SHIVER ME TIMBERS said:


> true dat...but still nice


whatever dude.

Why the heck do people measure a drop by the base of the the wood? Is anyone actually going to wheel drop that sucker and land right at the base? NO!

How is this kid's drop any different if it had a big gap all the way down to where his rear tire landed? 17 feet is 17feet regardless of what's in between.

We have one drop where you can roll over the edge and not even catch air. But when I hit it at speed it sends me 8 feet down. Does that make the air I cought just a roll over? No, it was a 8 footer.

I think anyone who tries to discredit this kid's nice large drop doesn't have any skilz themselves.


----------



## M1_joel (Mar 9, 2004)

SpawningGround said:


> How is this kid's drop any different if it had a big gap all the way down to where his rear tire landed?


Are you a waterhead ? That is a major difference.

Because being 8 foot off the ground is alot different that being 17 feet off the ground. It's called a Mind Fvck!


----------



## RTM (Sep 17, 2005)

I vote for 17. I'd bet the guys fighting hardest to shrink this drop wouldn't hit it anyway. show me a guy who hits 30 footers and I bet he'd say, "sure kid, 17, nice job." because he's not threatened. insecurity says, "NO, that's only 10. here's a multi color graph to show it." if his tire left the ramp, and hit the ground 17 vertical feet down, he dropped 17 feet. why are we looking for ways to make it sound smaller anyway? give the guy his due. lord knows I would benefit more than anyone from a little leniency on the drop measurements.

ps- that is awesome man. thanks for the shots. and thank god for broadband.


----------



## KonaStinky05 (Dec 18, 2004)

okay...

"Drop" can be used as a noun, but also a verb, both transitive and intransitive, so it could be used in a lot of different contexts.

The height of the drop can be the height of the drop(jump/structure), but can also be the height the bike dropped.

1) The height the bike dropped was 17 feet, so the drop = 17 feet.

2) The height of the drop/jump was 8/10 feet or whatever.

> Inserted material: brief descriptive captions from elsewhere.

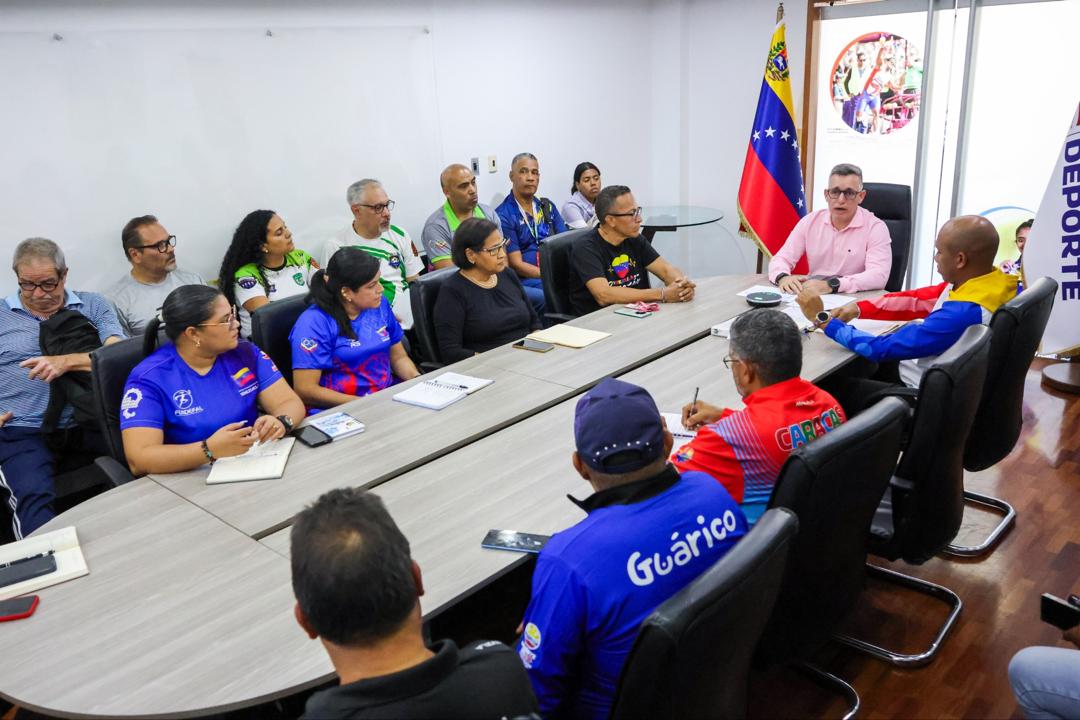 Deporte adaptado fortalecido con nuevos acuerdos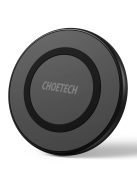 Choetech Qi 10W wireless charger + USB cable - micro USB black (T526-S)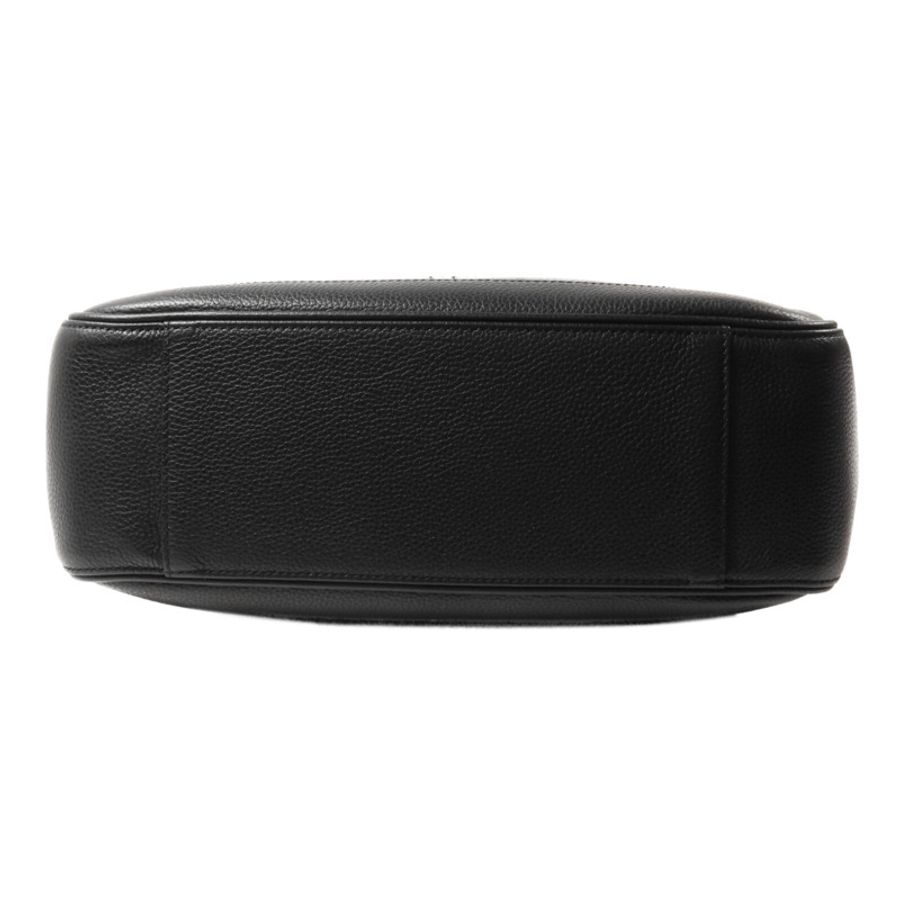 Dior 牛皮皮革Saddle Tote手挽肩背兩用袋-3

Amazing Larry is using it in the first context, which is how I think you _should_ use it.


----------



## bighit816 (Jan 9, 2005)

do u guys even notice how ammazinglarry said that my back wheel droped 17 feet, he didnt say the drop was 17 feet. the drop is literaly 8 feet, but my back wheel droped 16 or 17 feet. That proves all the haters wrong. How bout all u doosers stop complaining i didnt even make this fricken thread, my point is not to show off. I said 14 - 16 feet before i hit it, and thats at least how far i dropped. Its not the same as doing a 17 foot drop cause, its not as scary and the consequences arnt as bad, but its still big for me. I know alot of u do alot bigger stuff than me, but dont make fun of my riding cause ur scared i might do a bigger drop than u.


----------



## bighit816 (Jan 9, 2005)

austinb89 said:


> well whatever size the drop is, its a nice looking drop. word of advice for the 180 just go for the 360 that way ur spinning harder and ull deff get the 180. put your head into the spin more believe it or not it helps. good stuff man


thanks, ill try that next time. i wasnt realy comiting too much, and i think i had too much speed. I could do them on a bmx bike but its different on full sus..


----------



## austinb89 (Nov 6, 2004)

bighit816 said:


> thanks, ill try that next time. i wasnt realy comiting too much, and i think i had too much speed. I could do them on a bmx bike but its different on full sus..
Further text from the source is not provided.